As Terri Rocker, fashion expert, puts it:
“The best necklace clasps are easy to fasten, stay secured, match the style of the necklace, and endure the wear and tear of being repeatedly fastened and unfastened.”
Reminder when you are thinking of purchasing jewelry, consider the clasp! It could make or break your wearing experience:
Spring Ring and Lobster Claw
- Operate a spring ring or lobster claw clasp by lifting the tiny lever that compresses the spring to release the clasp. Quite secure, both of these clasps are popular, with lobster claws usually being easier to manipulate.
- Fish hook, S-hook and hook-and-eye clasps secure necklaces using hooks. While easy to fasten, these are not very secure and may slip out.
- Magnetic clasps use magnets to secure the necklace. Most magnetic clasps are best suited to very lightweight necklaces, as they easily come apart.
- Barrel clasps are barrel-shaped screws that require some dexterity to twist and untwist. The larger ones are quite secure, although they are prone to looking bulky.

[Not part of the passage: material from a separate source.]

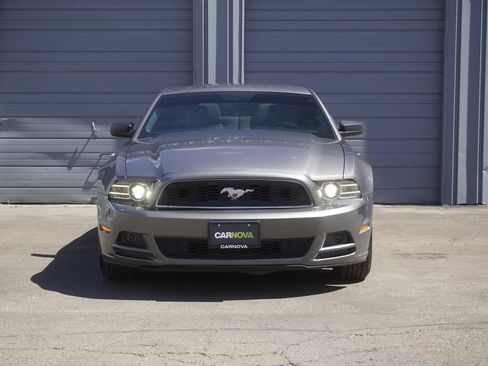 Used 2014 Ford Mustang Coupe w/ Equipment Group 102A RWD image 9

- The toggle clasp is also known as the bar-and-ring clasp. With a long bar on one end that fits into a wide ring and then “locks” into position, the toggle clasp is one of the easiest to fasten for arthritic hands.
- An elegant-looking clasp that often uses a filigree design, the box clasp has been known to come undone by accident. Open a box clasp by pushing the lever, and close it by clicking it into place.
- A multi-strand clasp may have hook, slide locking or box clasp fasteners. Multi-strand clasps come with 2 or more loops per side to secure multi-strand necklaces.